This film’s a beauty – though the leading lady is a real cow
Dir Kelly Reichardt Starring John Magaro, Orion Lee, Toby Jones, Ewen Bremner, René Auberjonois, Scott Shepherd, Gary Farmer, Lily Gladstone, Alia Shawkat
The titular role in Kelly Reichardt’s wonderful new film is taken by a bovine character actress called Evie. She plays the first cow to make it to the Oregon Territory during the 1820s, a time when the competitive fur trade – “soft gold”, as they called it – brought settlers to the area from far and wide.
We only get two glimpses of Evie in the film’s first hour. What’s more on our minds is the friendship of two newly acquainted men: Cookie Figowitz (John Magaro), an apprentice baker; and King Lu (Orion Lee), a Chinese fugitive who is found by Cookie crouching naked in the bushes, having narrowly escaped the clutches of some murderous Russian rivals.
Drawn, hesitantly at first, to each other’s company, they come up with a business idea. Tasty food in the region is scarce, unless you’re partial to squirrels or flour-and-water bread. But with the addition of milk – which only this one cow is capable of providing – Cookie is able to make superior oily cakes. The only problem? The milk is not theirs, and they’ve been creeping into the woods at night to poach it.
Subtext alert: it’s surely no coincidence that the cow’s oblivious owner, a dapper Englishman played with deft control by Toby Jones, uses the exclamation “Capital!” when a commission goes his way. Cookie and King Lu talk several times about making their way up from nothing, the struggle of this process, and their plans for the future. The oily cake earnings are essentially a start-up fund, but we begin to dread them pushing their luck.

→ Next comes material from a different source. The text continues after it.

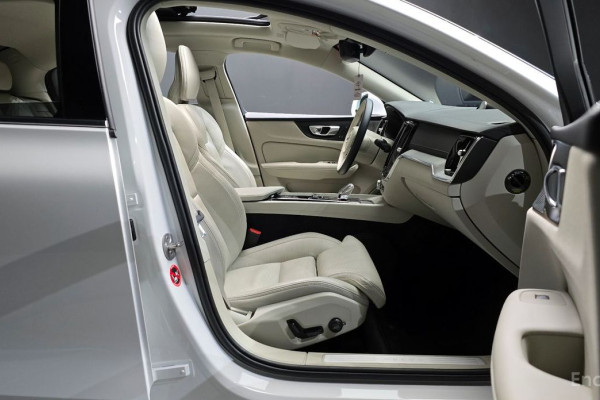 2023 Volvo S60 с пробегом 22 266 км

The first scene between Evie and Magaro, who sidles up beside her like an awkward suitor in the dark, is a real beauty. “Hello, how are you?” he asks quaveringly, keen to make a good impression. “Sorry about your husband…” From roughly this point on, Reichardt’s stealthy, resonant, and finally riveting film – based on a 2008 novel, The Half Life, by her regular screenwriting partner Jon Raymond – has you in the palm of its hand. Magaro, acing his role, gives Cookie a wariness and interesting unknowability, while Reichardt could hardly have cast a subtler or better performer than Lee, a British actor in a major breakthrough.
The obvious companion piece among this director’s films has got to be Meek’s Cutoff (2010), her filigreed wagon-trail western, but I prefer this by a distance: the heart-in-mouth plotting carrying us through the last part, to a pitch-perfect final shot, is a steady shift she manages exquisitely.
All dairy might be theft, as Evie could protestingly moo to Cookie Figowitz if she felt like it, but at least their arrangement is friendly – more than can be said for biped property rights in this lawless age, or in any age at all.